I tried megs NXT spray wax once and threw it straight in the bin, you can't beat putting it on properly it gives bettter results imho.


----------



## MAXI-MILAN (Oct 26, 2008)

You can Vote now / Multiple Choice Poll .


----------



## MAXI-MILAN (Oct 26, 2008)

I tried Werkstat Acrylic and Carnuba Jett only and I love the Carnuba Jett .


----------



## Dubbed (Aug 31, 2006)

I actually quite like the AG aqua wax, whcih is not on the list. Always made the focus look lovely and shiny!! In the poll i went for DG aqua wax, as have had that before than thought it was very good!


----------



## evotuning (Oct 16, 2009)

Both Optimum products, hovever I wouldn't count OOS as normal spray wax. Also tried DG Aquawax, very good product but IMO slightly worse than OCW.


----------



## Coops (Apr 26, 2008)

Regular user of OOS and am waiting on a delivery of OCW - but have voted for both, don't think I'll be disappointed with OCW.


----------



## gally (May 25, 2008)

Any opinions on durability/beading ect... compared with paste waxes.

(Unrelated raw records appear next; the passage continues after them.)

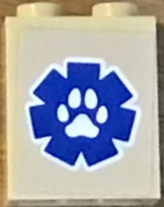 Lego Brick 1 x 2 x 2 with Inside Stud Holder with White Paw Print on Blue EMT Star of Life Pattern (Sticker) - Set 60302 / Tan
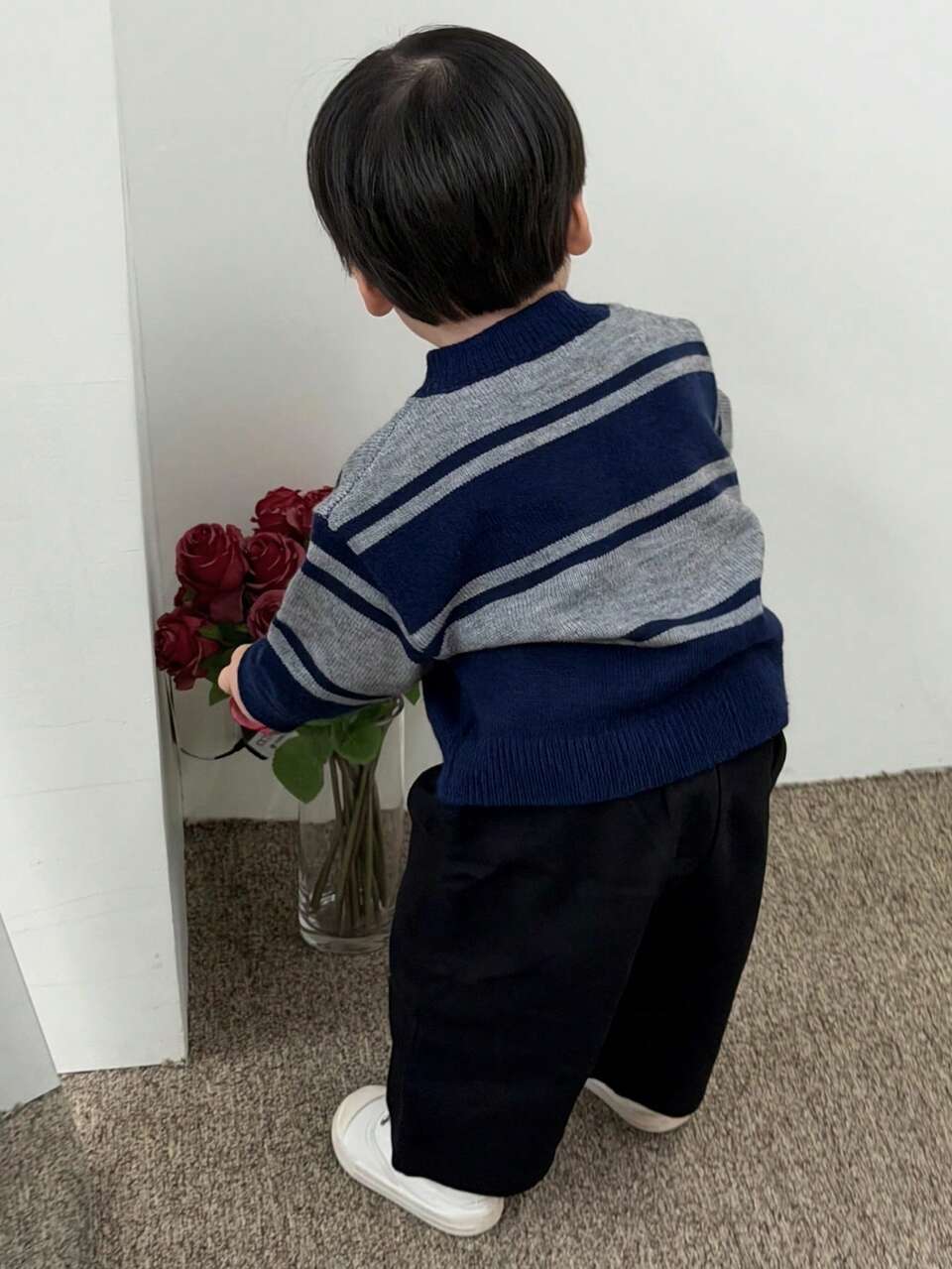 Toddler Boys' V-Neck Striped Long Sleeve Sweater, Autumn/Winter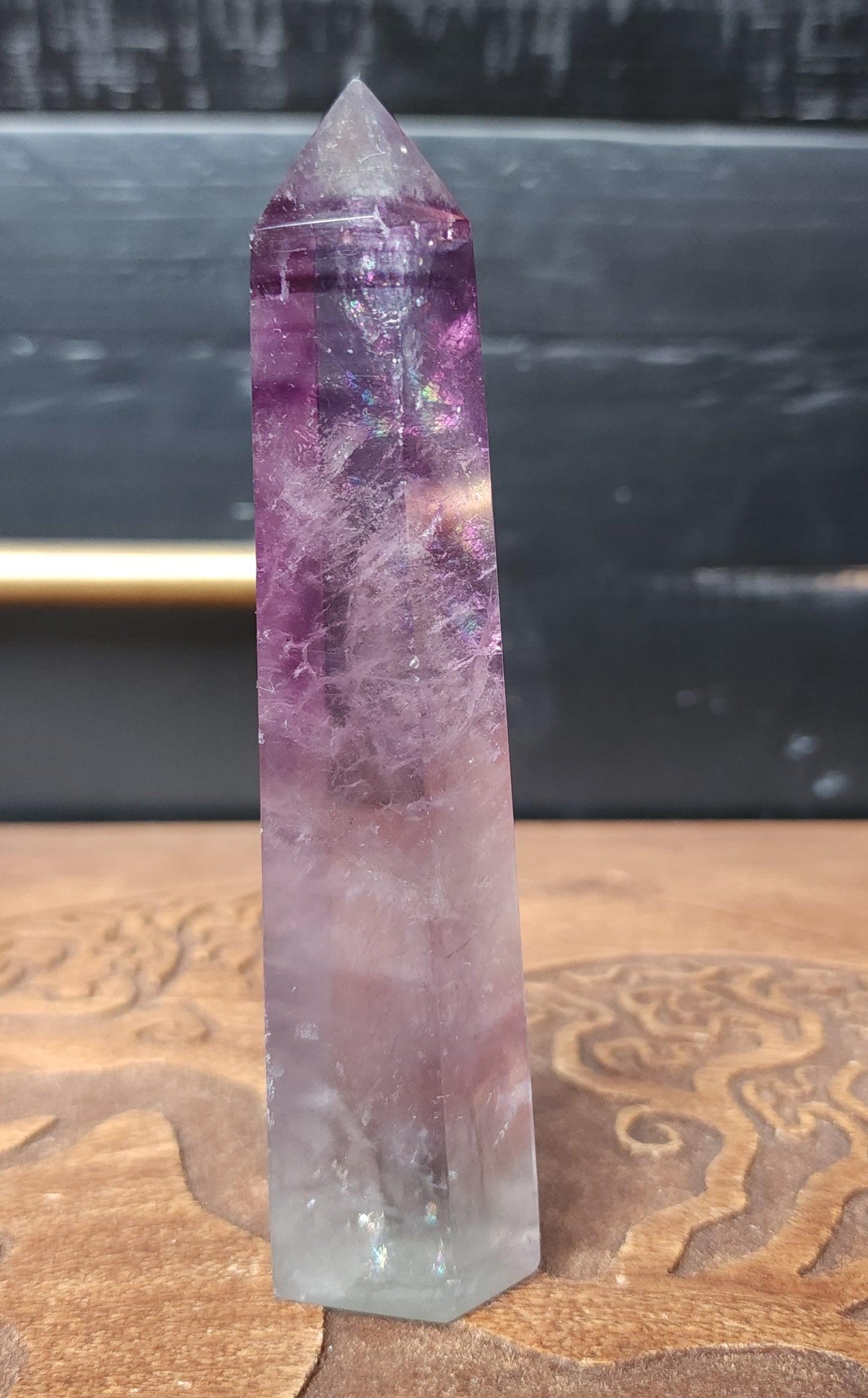 *EARTHQUAKE DAMAGED* Rainbow Fluorite Point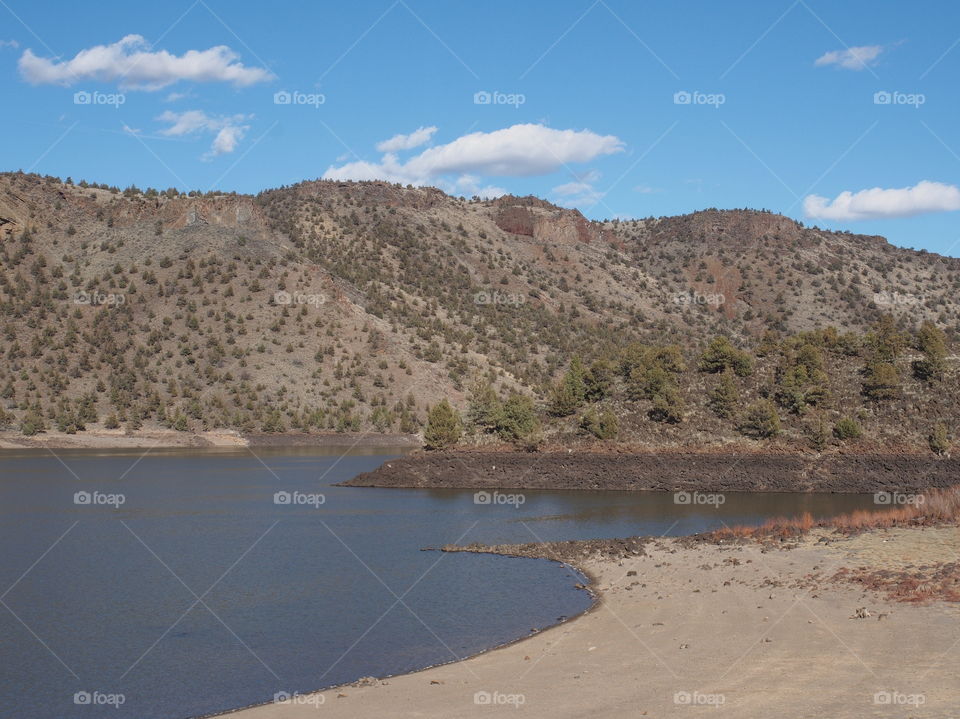 A cove at Prineville Reservoir in Central Oregon with sandy shores, trees, rocks, and hills on a sunny spring day. 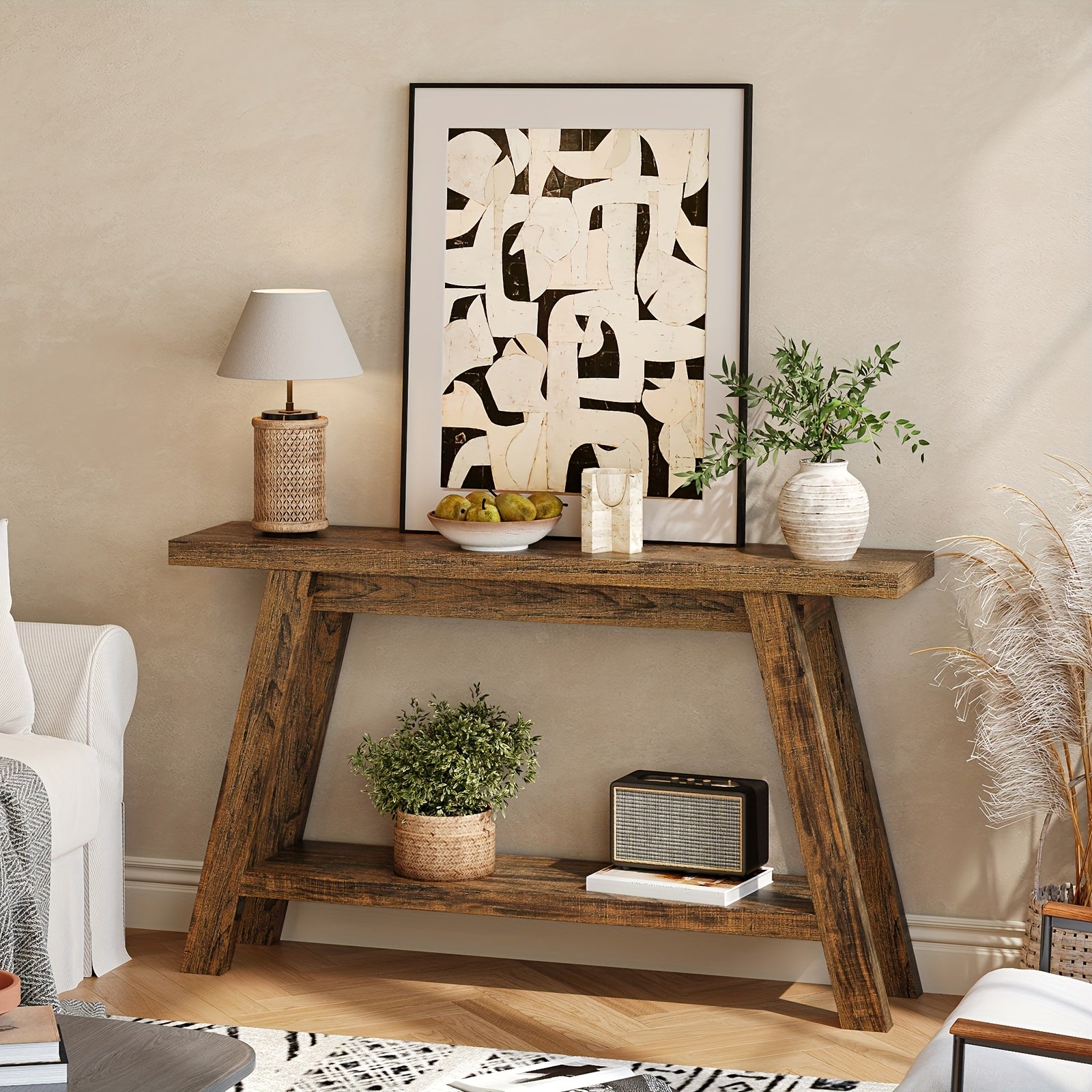 A 55-Inch Minimalist Console Table Designed for Entryways, Featuring a Narrow Rectangular Shape. It Can Serve As a Sofa Table Or TV Stand, Has a Two-Layer Design, Is Easy to Assemble, And Is Ideal for Corridors, Living Rooms, Entrances, And Halls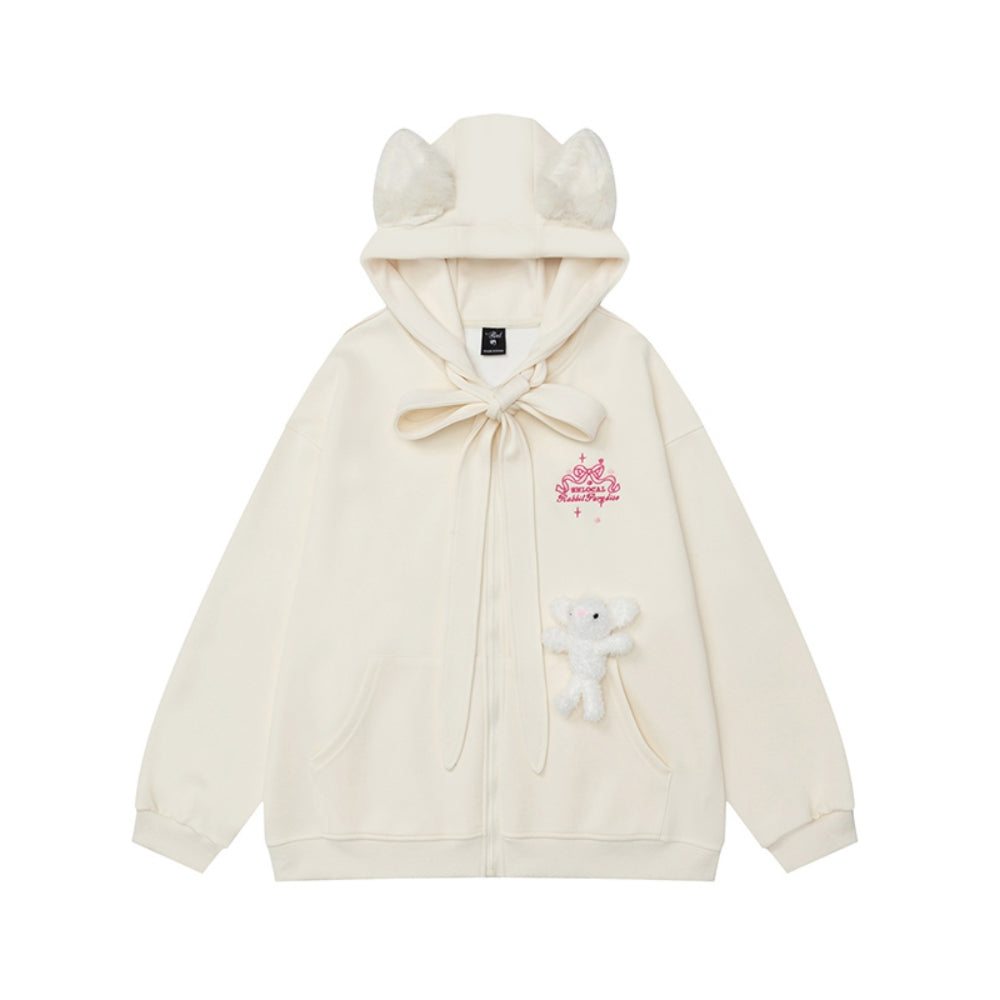 Apricot sweet style bear ears loose hoodie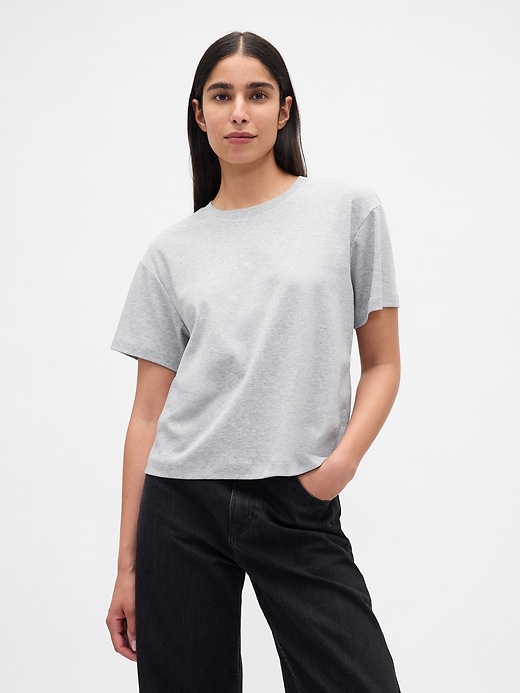 supima baumwoll-t-shirt mit lockerer passform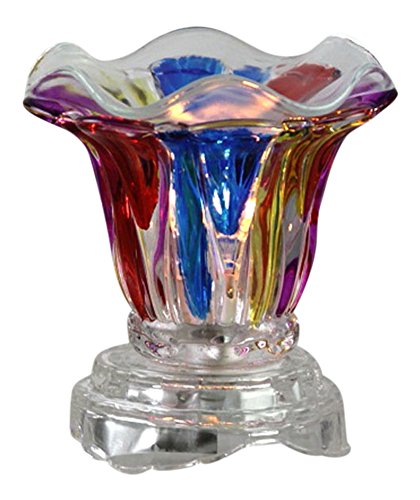 Jane Bernard Electric Multi Color Glass Fragrance Oil Warmer & Wax Melter with Adjustable Dimmer Switch – Air Freshener & Candle Wax Burner for Home or Office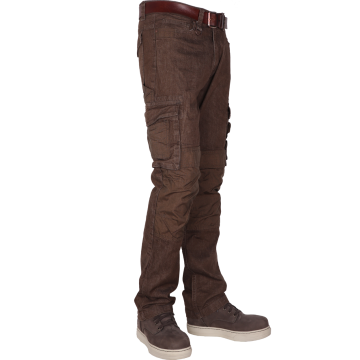 CrossHatch BRONCO C5 BROWN Men's Stretch Multi Pocket Cordura Knee Pocket Regular Fit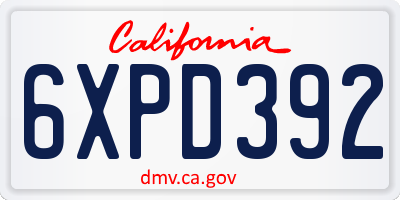 CA license plate 6XPD392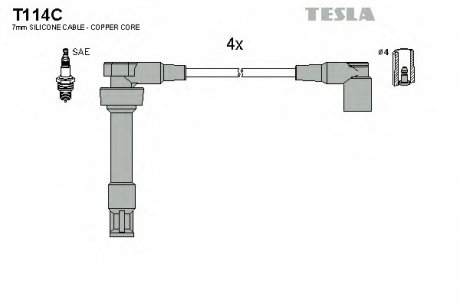 Комплект проводов зажигания TESLA T114C (фото 1)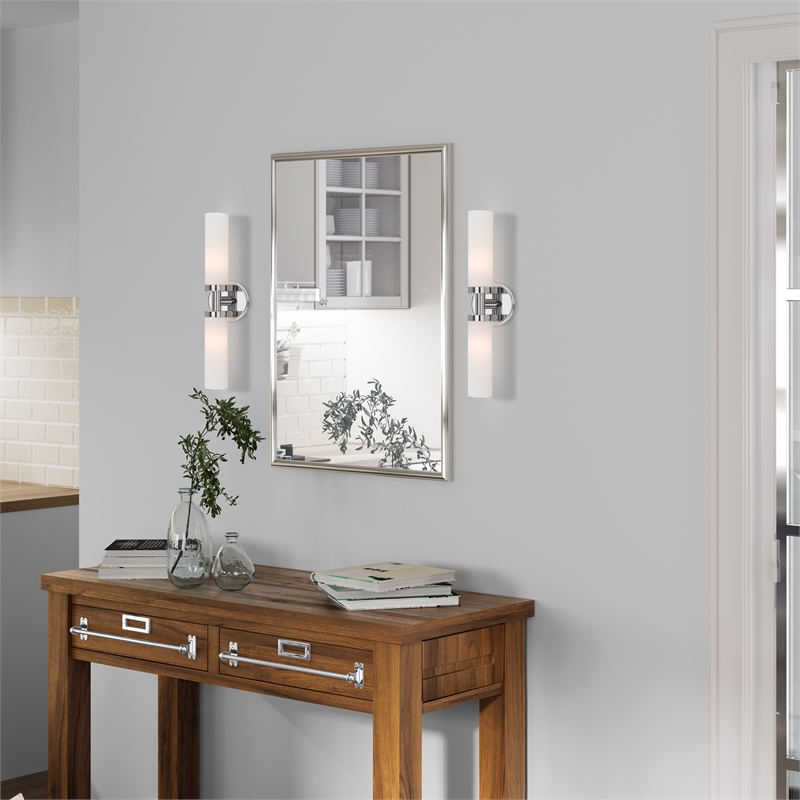 Livex Lighting Aero 2-Light Glass & Metal Bath Light in Polished Chrome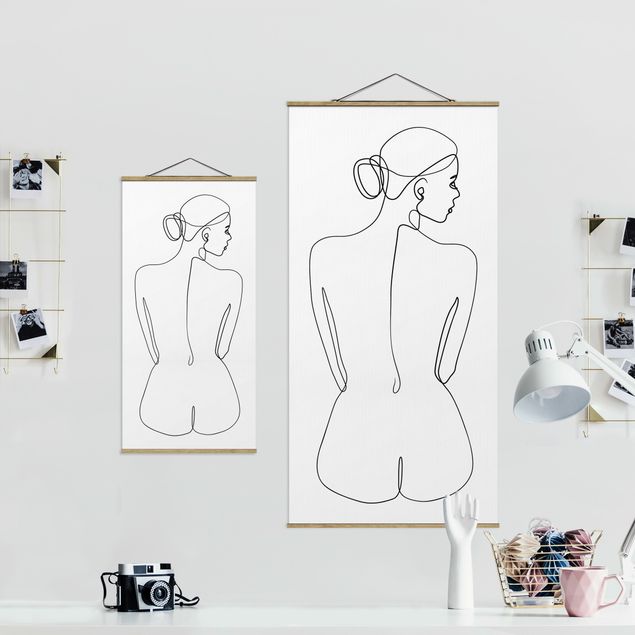 Black and white wall art Line Art Nudes Back Black And White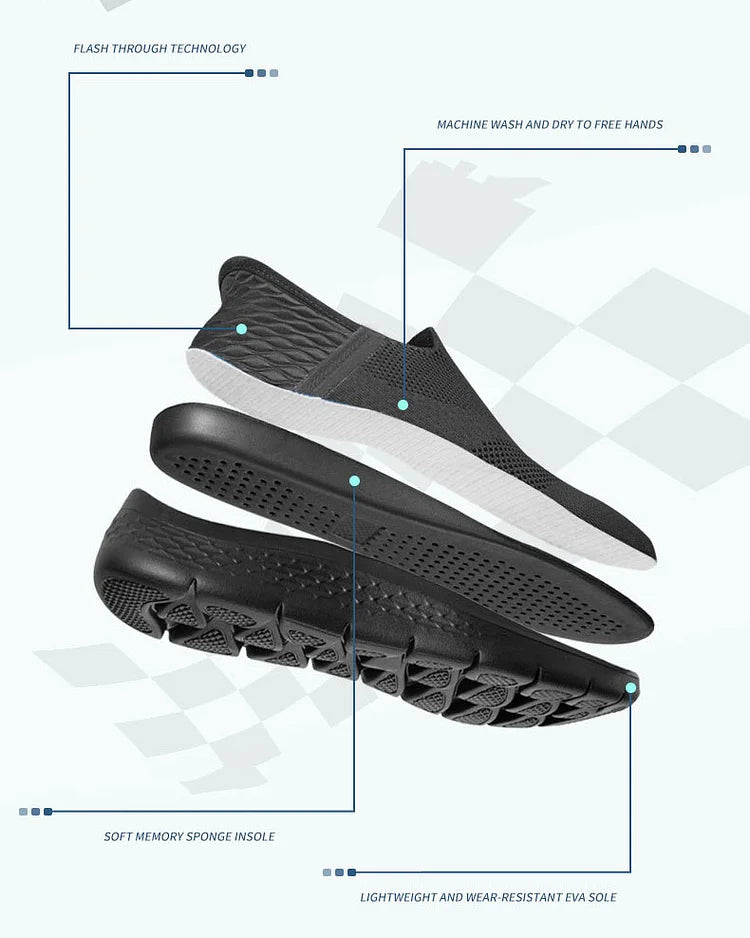 Step Ease Slip-On Walking Shoes Flash Wear Shock-Cushioning Shoes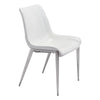 Magnus Dining Chair (Set of 2) White & Silver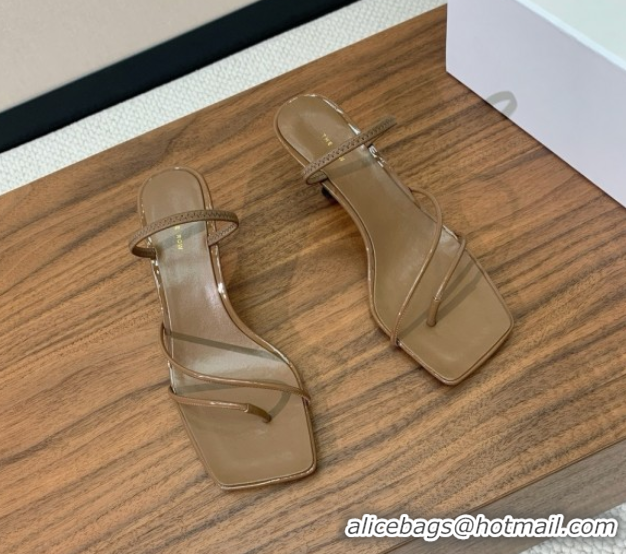 Grade Quality The Row Patent Leather Sandals TR052903 Brown 2025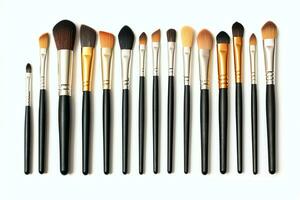 Set of professional makeup brushes cosmetic accessories set on white background. Makeup tool concept by AI Generated photo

Really it comes down to time and the closer we get to winter topping up a good double layer of 476 is ideal for a spray wax/sealent.

I'm hoping good things from Aquartz Reload actually. 

Looking forward to this thread taking shape and some reviews coming to light.


----------



## Johnnyopolis (Oct 25, 2005)

My Favourite Spray Sealant is Zaino Z-8 but you seem to have that missed off your poll :doublesho

 

Thanks, 

Johnny


----------



## Bratwurst (Jan 23, 2009)

Voted CG Blitz because it's my favourite of the bunch, but it's not my favourite of all, that goes to Prima Hydro :thumb:


----------



## domino (Apr 19, 2010)

in terms of QD- has to be Prima Slick, it has polymers in it for a little extra protection

but in terms of a proper spray wax, would have to be Prima Hydro - i used this first wash after picking up my GTR to give it some protection while waiting to do a proper correction, and was amazed how many dealer induced swirls and scratches it hid, in anything other than full sunlight, it didnt even look like it needed a correction

http://www.motoringalliance.com/forums/detailing-supplies/2889-prima-car-care-products.html

http://www.northamericanmotoring.co...1/93020-prima-slick-what-a-great-product.html


----------



## lingus (Apr 14, 2008)

Prima-Hydro for me too, followed by the underrated Ultimate Quik Wax


----------



## borinous (Mar 25, 2010)

Im using AG Aqua wax at the moment and can recommend that. Works well and smells great


----------



## MAXI-MILAN (Oct 26, 2008)

Johnnyopolis said:


> My Favourite Spray Sealant is Zaino Z-8 but you seem to have that missed off your poll :doublesho
> 
> 
> 
> ...


Yes Zaino Z8 very nice but i choose some spray sealant can be use it before apply carnuba wax. 
and i see many guys use zaino Z8 over lsp like QD . z8 look like is shine booster more than real sealant ..please correct me if I'm wrong .


----------



## VinnyTGM (May 10, 2010)

I like AG aqua wax, I use it after every wash.


----------



## gally (May 25, 2008)

Is Z8 used after a wax or mostly on it's own as an LSP?


----------



## gally (May 25, 2008)

Anymore input guys, just something i'm particularly interested in.


----------



## zedzedeleven (Jan 16, 2009)

Most of my detailing is done outside in the fresh air. Consequently any attempt to spray anything usually results in clouds of spray going everywhere. I much prefer stuff in bottles or jars.


----------



## Red_Cloverleaf (Jul 26, 2009)

No competition whatsoever here - Zymol Field Glaze.


----------



## tfonseca (Jul 31, 2008)

zedzedeleven said:


> Most of my detailing is done outside in the fresh air. Consequently any attempt to spray anything usually results in clouds of spray going everywhere. I much prefer stuff in bottles or jars.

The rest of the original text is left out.